Independent broker research
027Vol. IVJuly 8, 2026
— independent broker research —

Credit Rating

A credit rating is an independent assessment of how likely a borrower is to repay debt on time, expressed as a letter-grade scale that helps investors gauge default risk.

Credit Rating glossary illustration

What a Credit Rating Means

A credit rating is an evaluation of a borrower's ability and willingness to repay its debts in full and on time. Ratings apply to entities such as governments, corporations, and municipalities, as well as to individual bond issues. They are typically expressed on a letter scale, ranging from very high quality (often shown as triple-A) down through progressively lower grades that signal rising default risk. The dividing line between "investment grade" and "speculative grade" is a widely watched threshold.

Why It Matters

A credit rating shapes how much interest a borrower must pay. Lower-rated issuers are seen as riskier, so investors demand a higher yield to compensate. A rating also affects a bond's price in the secondary market: a downgrade can push prices down, while an upgrade can lift them. For investors building a portfolio, ratings offer a quick shorthand for comparing the relative safety of different bond holdings and supporting broader diversification decisions. You can explore related concepts through our educational articles.

A Simple Example

Imagine two companies each issuing a bond with a similar maturity.

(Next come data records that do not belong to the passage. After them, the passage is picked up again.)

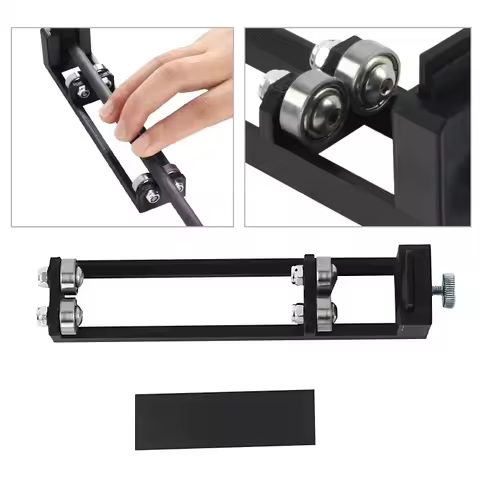 1PC Archery Arrow Shaft Grinder PLA Material Manual Burr Polisher Arrows Tool for Glass Fiber Carbon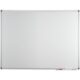 Art.-Nr. 320793<br>MAUL Whiteboard 6461 Standard 45 x 60 cm Emaille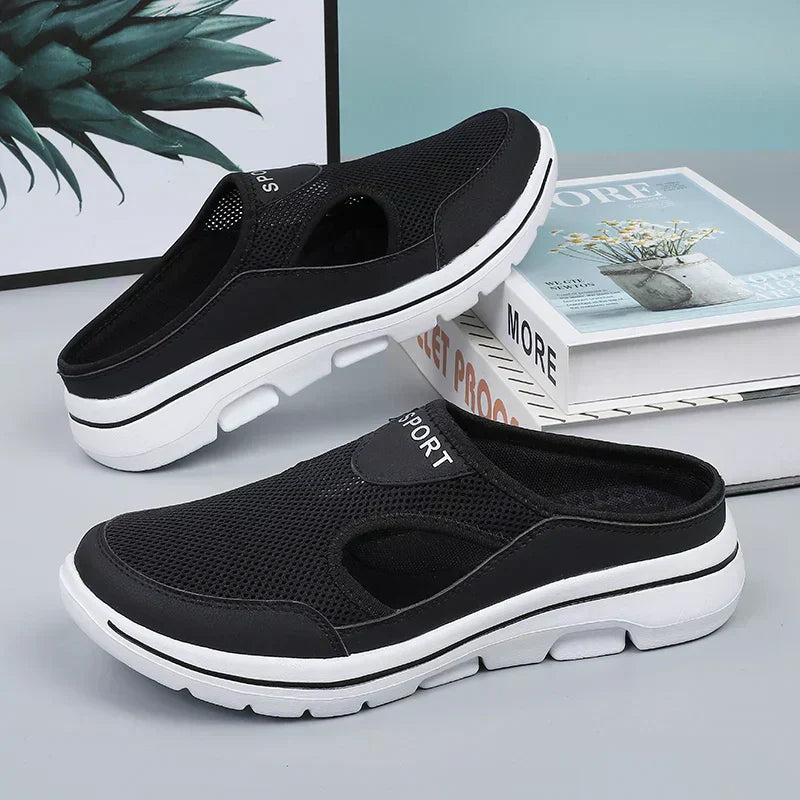 Beautifully Crafted Orthopedic Sandals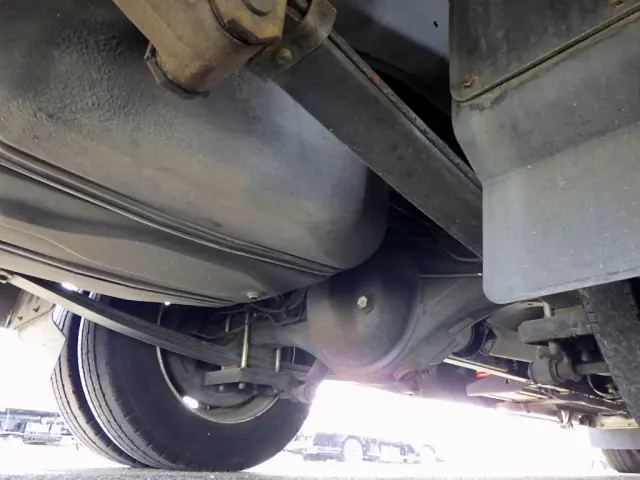 トヨタ コースター PDG-XZB50(2WD)の写真25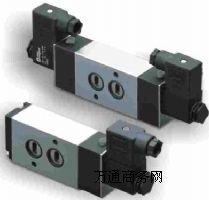 VJB25-121(2)DEx 二位五通防爆型管式雙電控
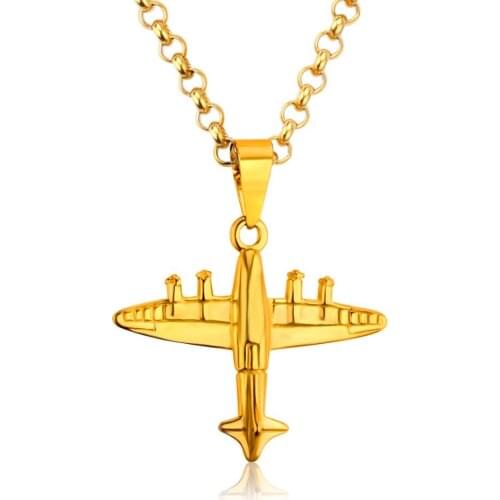 LUXUKISSKIDS Punk Necklaces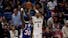 NBA: Seven Pelicans score in double figures to deal 76ers setback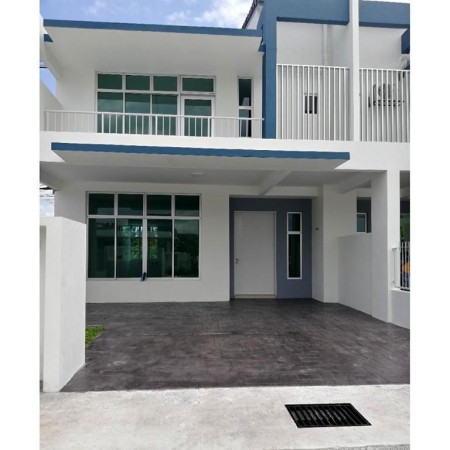 Superlink For Sale at Bandar Puteri Klang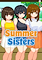 Cover image for the game Summer Sisters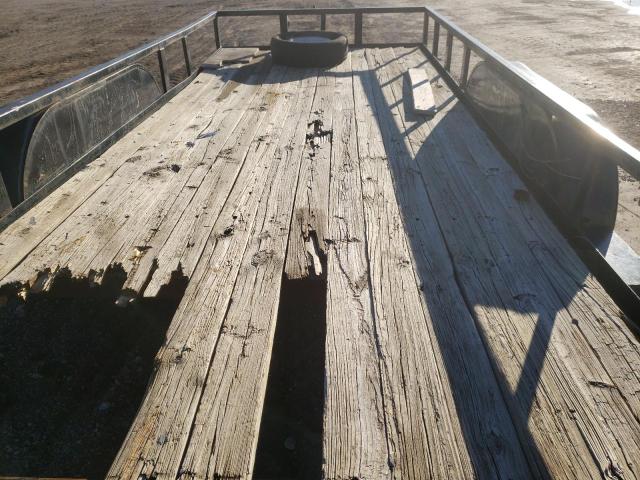UT030316610001815 - 2018 UTILITY TRAILER Qara foto 7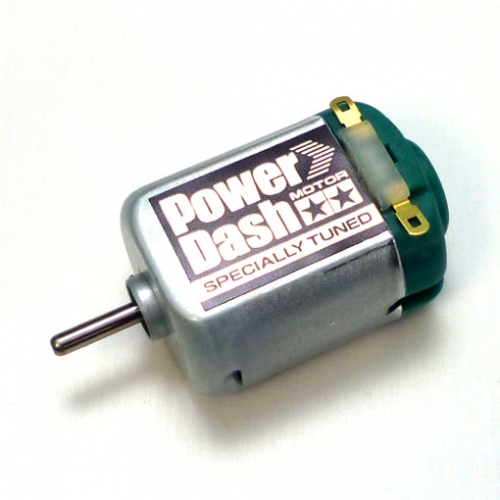 [15317] Power Dash Motor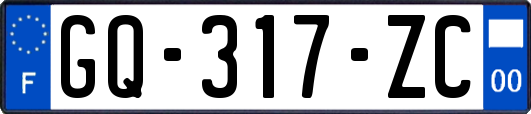 GQ-317-ZC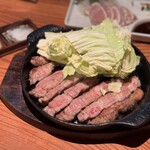 おでんと庭先地鶏 はれ晴れ - 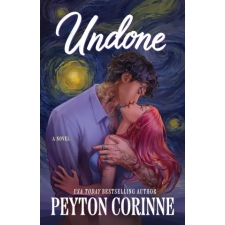 Hachette Australia Undone | Peyton Corinne idegen nyelvű könyv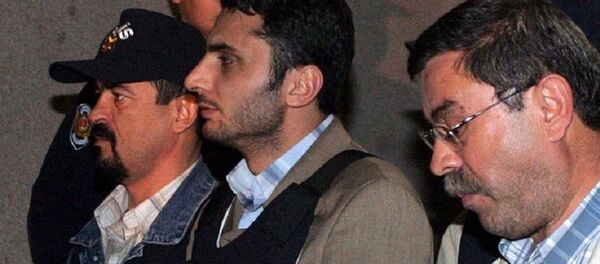 Alparslan Arslan - Sputnik Türkiye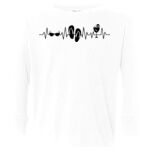 Toddler Long Sleeve Fine Jersey Tee Thumbnail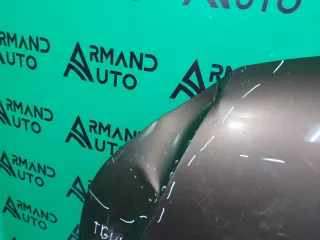 5N0823031D капот фольксваген, фольцваген тигуан Volkswagen Tiguan 1 Арт 250743RM, вид 7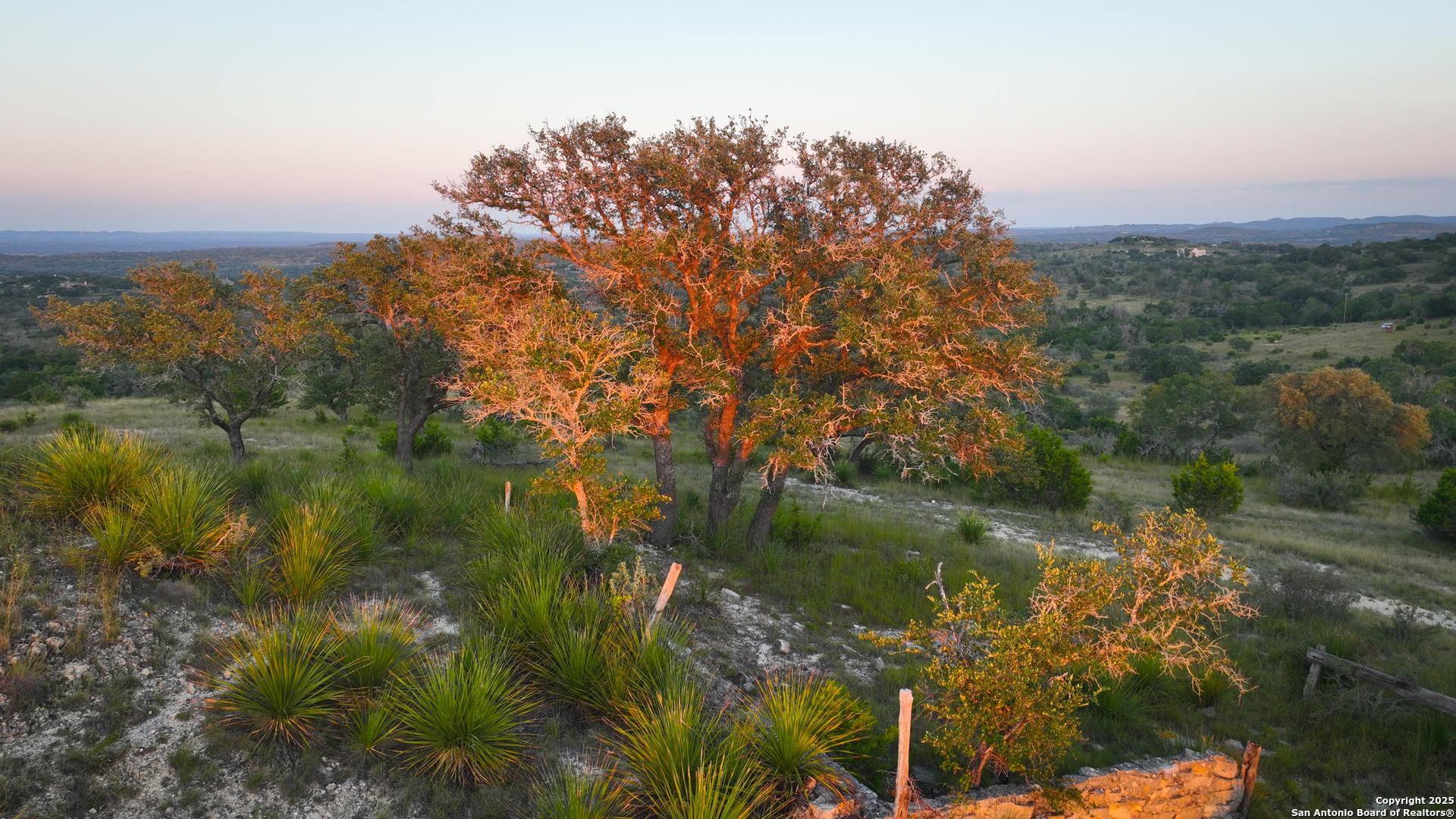 FAR HILLS RANCH Tract 4, COMFORT, TX, 78013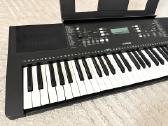 Yamaha sintezatorius Psr-e373 - nuotraukos Nr. 3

Company A carries a high investment-grade rating, while Company B carries a speculative-grade rating. To attract buyers, Company B may need to offer a coupon several percentage points above Company A's. An investor accepting that higher payout is being compensated for taking on greater perceived risk of missed payments.

Common Mistakes

One frequent error is treating a rating as a guarantee. A rating is an opinion about probability, not a promise; even highly rated borrowers can default, and ratings can change. Another mistake is ignoring the direction of change. A stable high rating and a recently downgraded high rating can send very different signals. Investors also sometimes confuse the rating of a company as a whole with the rating of a specific bond issue, which can differ based on seniority and collateral. Finally, some chase high yields on low-rated debt without weighing the added risk against their own risk tolerance.

What to Verify Before Acting

Before relying on a rating, confirm which agency issued it, the date it was last reviewed, and whether it carries a positive, stable, or negative outlook. Check whether the rating applies to the issuer or to the particular security you are considering. Read the accompanying rationale where available, since it explains the drivers behind the grade. Remember that ratings are one input among many; they do not capture interest-rate sensitivity, liquidity conditions, or your personal circumstances. Cross-reference a rating with the bond's price, coupon, and structure rather than viewing it in isolation. You may also want to compare how different fixed-income products fit together using our comparison tools. Because ratings can lag market events, treat them as a starting point for research, not a final verdict.